**Data below**

# # # # # # #

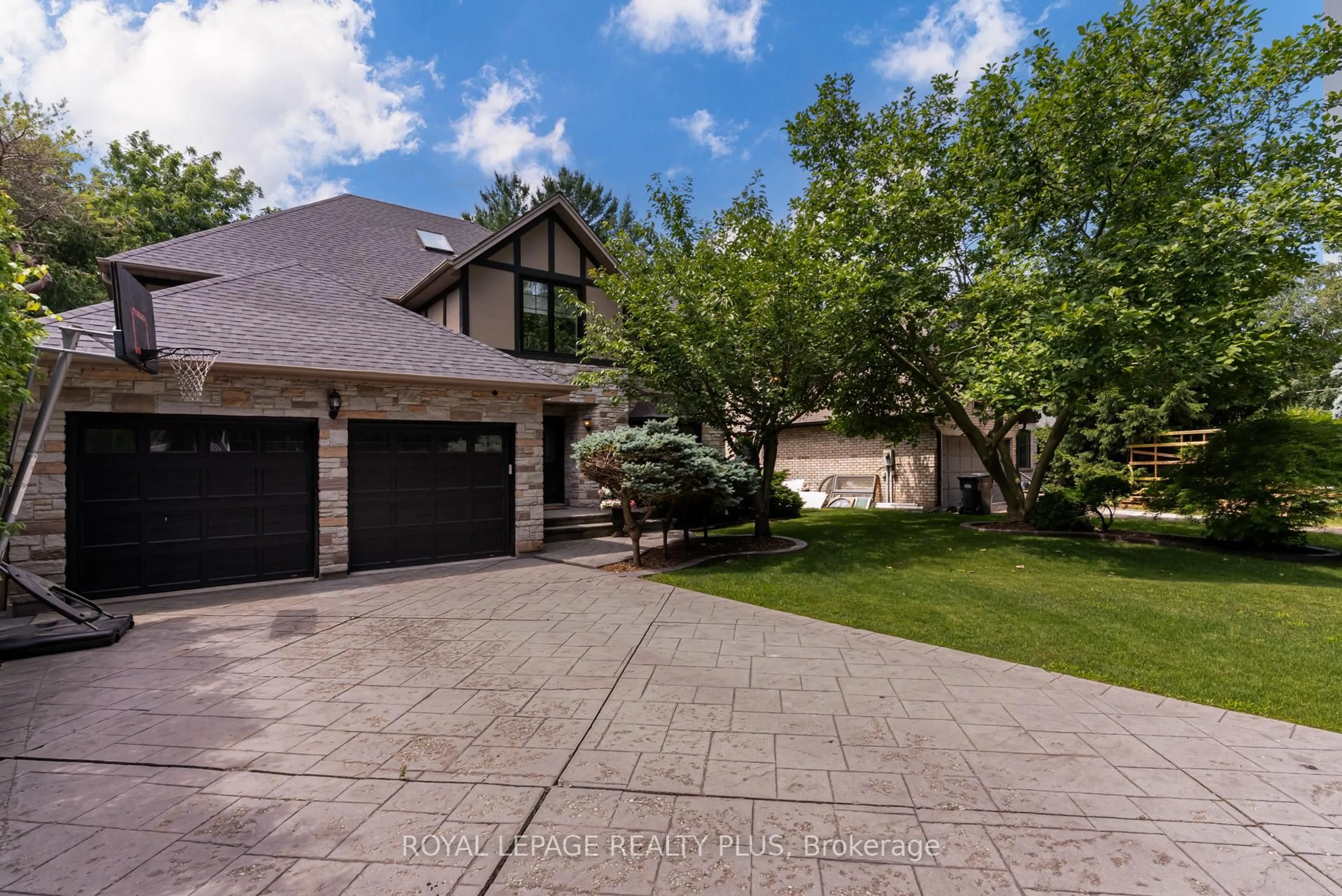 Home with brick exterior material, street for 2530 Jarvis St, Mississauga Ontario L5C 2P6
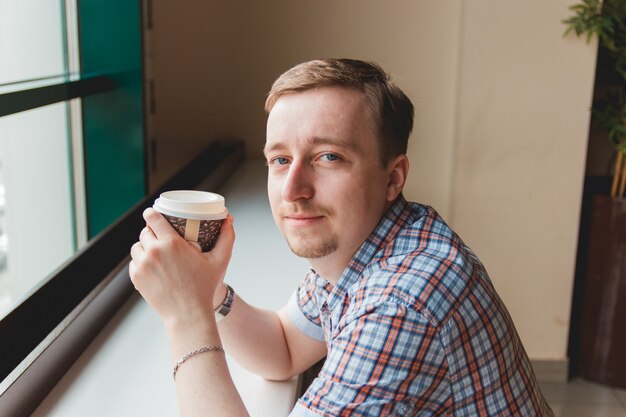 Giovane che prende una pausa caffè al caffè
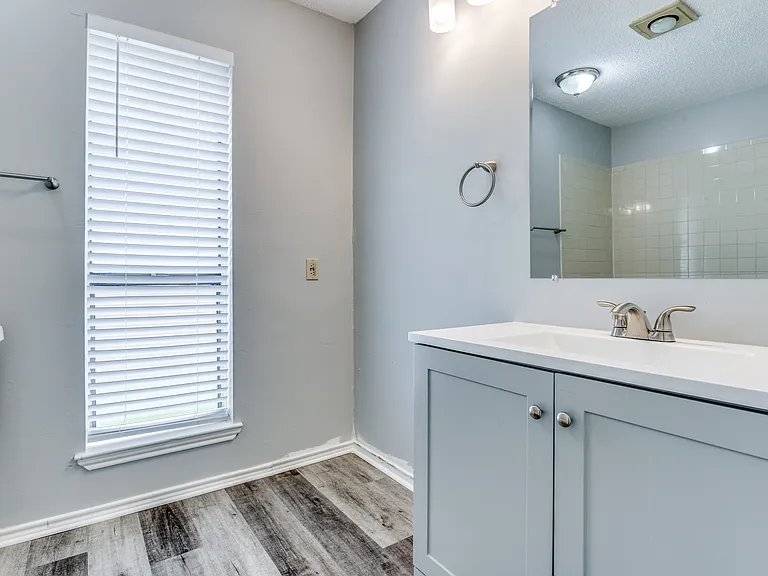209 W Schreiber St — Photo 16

# # # # # # #

**What you will do**
When you return the listing, keep each line exact and leave the pictures out.

**Exercise response**
 Home with brick exterior material, street for 2530 Jarvis St, Mississauga Ontario L5C 2P6
 Giovane che prende una pausa caffè al caffè
209 W Schreiber St — Photo 16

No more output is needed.